A distanza di pochi giorni dal convegno svoltosi a Campobasso, è ora la Capitale a rendere omaggio allo scrittore che ha vissuto cinquantasei anni negli Usa, dove ha insegnato Italiano e Letteratura comparata in varie università, da New York a Yale, dalla British Columbia all’Ucla.

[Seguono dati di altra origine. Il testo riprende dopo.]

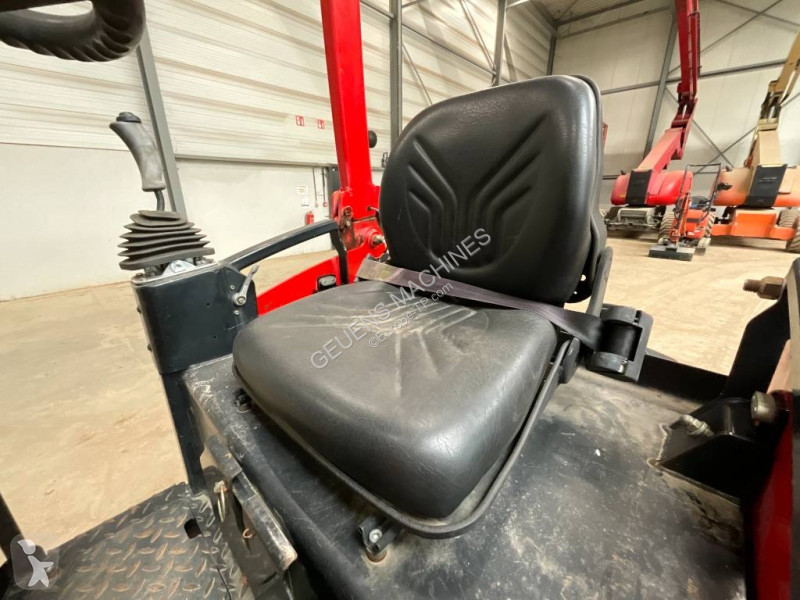 Wals JCB VMT 260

“Sconosciuto ai più in Italia, Rimanelli è stato invece un importante autore della nostra letteratura, emigrato negli Stati Uniti dal 1960, dopo un linciaggio morale dell’intellighenzia nostrana – ha ricordato nei giorni scorsi sul quotidiano “Il Foglio” il professor Giovanni Maddalena dell’Università del Molise, che ne ha ripercorso le tormentate tappe biografiche, dall’arruolamento controvoglia con la milizia dei repubblichini alla prigionia da parte degli americani, dal ritorno in Molise fino alle posizioni fortemente critiche nei confronti della letteratura da salotto e da premi letterari, non risparmiando critiche a Bassani, Falqui, Moravia e Pasolini. Emblema di questa periodo è il libro significativamente intitolato “Il mestiere del furbo” del 1959, panorama della narrativa italiana contemporanea edita da Sugar. “Il brillante ragazzo viene bandito per sempre dall’empireo della cultura italiana – racconta ancora Maddalena. Eppure aveva già firmato, sempre per Mondadori, altri tre romanzi di successo, “Peccato originale” del 1954, “Biglietto di terza” del 1958 e “Una posizione sociale” del 1959.

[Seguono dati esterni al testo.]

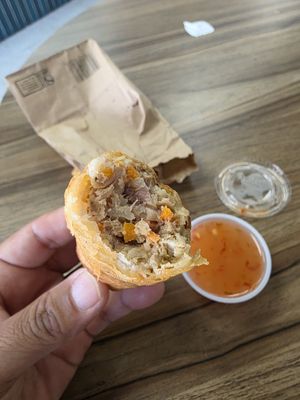 Saigon Sandwiches & Coffee Tea House by null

Emigrerà negli Stati Uniti, dove vivrà lungamente a Lowell (Massachussetts) con la moglie Sheryl Lynn Postman e promuoverà gli Italian Cultural Studies, corsi sulla cultura italiana nel suo insieme interdisciplinare. Negli States conoscerà quelle soddisfazioni che non avrà in Italia: il suo primo romanzo in inglese, “Benedetta in Guysterland” (Guernica Press), ha vinto il prestigioso premio American Book Awards.

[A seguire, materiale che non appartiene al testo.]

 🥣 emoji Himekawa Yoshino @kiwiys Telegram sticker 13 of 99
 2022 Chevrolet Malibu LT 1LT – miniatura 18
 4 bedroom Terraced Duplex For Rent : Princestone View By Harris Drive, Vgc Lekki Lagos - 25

Tra le passioni della sua vita resterà il distante Molise, intimo e universale, presente in molti scritti anche nel lungo periodo americano, inteso come “punto di riferimento di una inesausta recherche autobiografica”, come evidenzia Sebastiano Martelli. Ma Rimanelli è stato anche un appassionato cultore di jazz e di blues, nonché amico degli scrittori più rappresentativi della Beat generation, come già lo era stato anni prima, a Parigi, di Boris Vian.
L’evento romano, che si svolgerà lunedì 17 dicembre dalle ore 17 presso il Centro Studi Americani di via Caetani 32, presso piazza Venezia, è organizzato dalla critica Anna Maria Milone e promosso dall’Università degli studi del Molise e dall’associazione Forche Caudine.
Un’occasione culturale rara perché saranno riuniti a Roma alcuni tra i più noti critici e amici di lungo corso di Rimanelli. “L’incontro – come spiega la professoressa Milone – sarà un momento per presentare questa figura di autore molisano che ha avuto una forte importanza negli Stati Uniti, testimoniata dagli studi dei docenti che interverranno, e che in Italia inizia ad avere una giusta attenzione grazie all’impegno di alcuni dei ricercatori presenti, ma anche grazie all’interesse che l’Università del Molise ha dimostrato, volendo il convegno internazionale nella sede di Campobasso gli scorsi 5-6 dicembre”.
“Con Rimanelli abbiamo tenuto una costante e affabile corrispondenza – ricorda Giampiero Castellotti, presidente di “Forche Caudine” – apprezzando sempre il suo profondo e proficuamente critico legame con la terra di nascita”.
All’appuntamento romano l’ingresso è libero.